Out the locker room and out on to the white, shiny, cold ice surface we went. I remember taking those first couple of strides and hearing the cut of the blade ripping through the ice. I remember myself skating around for warm-ups visualizing the game that lay ahead of me. It was quite a feeling.

Once the warm-ups ended, it was time to drop the puck for the opening face-off. With a few last words of encouragement from our coach, my line went out to the center-ice face-off dot and lined up for the face-off.

“Tic.” The puck had been dropped. Right away, our team came up with the puck.

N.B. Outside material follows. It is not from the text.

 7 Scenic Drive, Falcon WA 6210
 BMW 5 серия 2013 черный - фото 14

Remembering what our coach had been saying all year, our defenseman got over the red line and dumped the puck into the other team’s zone so that we could fore-check them and wear them down. I remember being the first one to get to the puck and then passing it out in front to a wide-open teammate. Seeing as the goalie had hardly any time to react, and my teammate was at pointblank range, it was an easy goal. Our team celebrated and cheered loudly. Not only had my line scored the first goal of the game, but we had also set the tone for the rest of the game. Having said that, the score would remain a 1-0 game until there was 1 minute to go in the 3rd period. The other team then scored to tie the game at 1-1.

With a little under 1 minute to go in the 3rd period, both teams were content to just take the game into a 5 minute OT. We were all tired, having played 5 games in the past 2 days previous to that game.

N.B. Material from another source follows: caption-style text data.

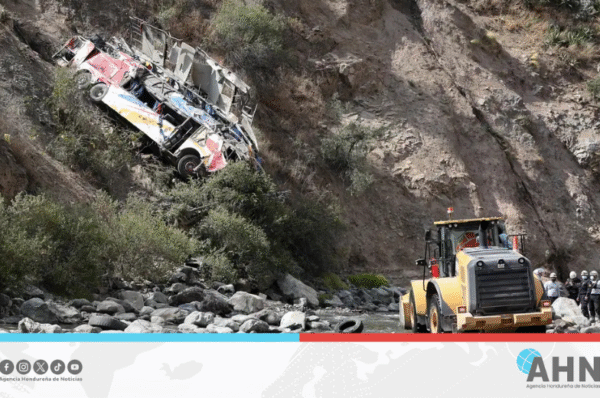 Al menos 18 muertos y 24 heridos dejó volcamiento de autobús en Perú
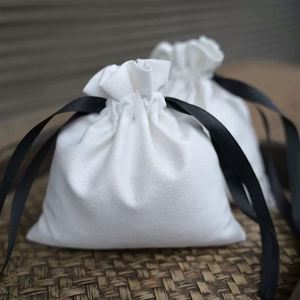 Pochettes en coton personnalisées de haute qualité avec cordon de serrage, couleur naturelle, sacs de rangement anti-poussière avec rubans noirs - Product Image 5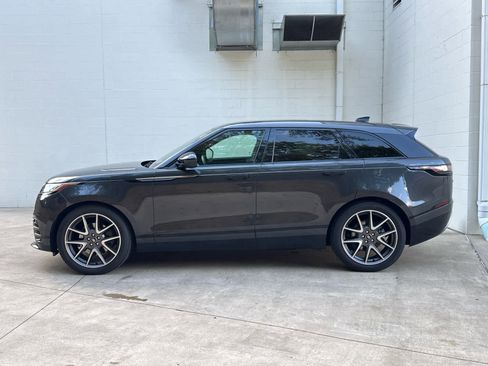 Certified 2023 Land Rover Range Rover Velar R-Dynamic S image 5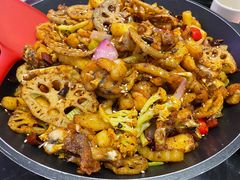 -椒行天下·干锅·牛蛙(万宝店)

The overtime went by fairly quickly and was shockingly uneventful. Once again, I think that both teams were content to go into a shootout.

As we sat on the bench, I remember our coach putting together a shootout lineup for, what we thought at the time, was going to be a shootout. The reason I say, “what we thought was going to be a shootout,” is because instead of the referee putting the puck at center ice for the shootout, he signaled for a face-off. Now if the referee was signaling for a face-off then what was going to happen? We soon found out that we were to play a 2 on 2 until a team scored, because the game was running a little bit late. This still doesn’t make any sense to me today because I would think that a shootout would take less time than a 2 on 2 due the fact that in a shootout you have a higher percentage to score.

Anyway, our coach told us to ignore it and just play the 2 on 2. So we did. Right off the bat, I got the puck and went down on my off wing side (opposite of forehand side) and fired a snapshot. It traveled over the goalie’s glove and shoulder and “dinged” off the crossbar and went out of play. I skated to the bench, disgusted with my luck.

“Maybe if I wasn’t born on Friday the13th, that puck would have gone in,” I said to myself.

As I watched the next shift from the bench I wondered what it would’ve been like if the puck were to go just an inch lower. Would the goalie have saved it? Or would it have gone into the back of the net and I have been the hero? I would be ashamed of myself if the other team was to win the game, because I knew that by scoring that goal I could’ve won it for my team. But in front of my very own eyes, that’s exactly what had just happened.

While I had thought about what would’ve happened if the puck had been shot just an inch lower, the puck in the real game took a bad bounce off of the boards. It went on to the stick of a player on their team in front of the net. Since our goalie was not expecting the bad bounce, the other team had an effortless game-winning goal. I still remember to this day how it felt to be defeated knowing that you could’ve done something to change the outcome. It was pure agony.

When we were shaking hands with the other team, I couldn’t even look at their faces and tell them “good game”. When we were accepting our 2nd place trophy as a team, I was one of the few who stayed back and didn’t go up with the team to get it. I guess that at the time I felt that second place was like last place because of the fact that I knew that I could have scored that goal for my team. All the rest of that day I was teary-eyed and angry. But even to this very day, I still wonder what would’ve happened if the puck that I shot would have gone just one inch lower.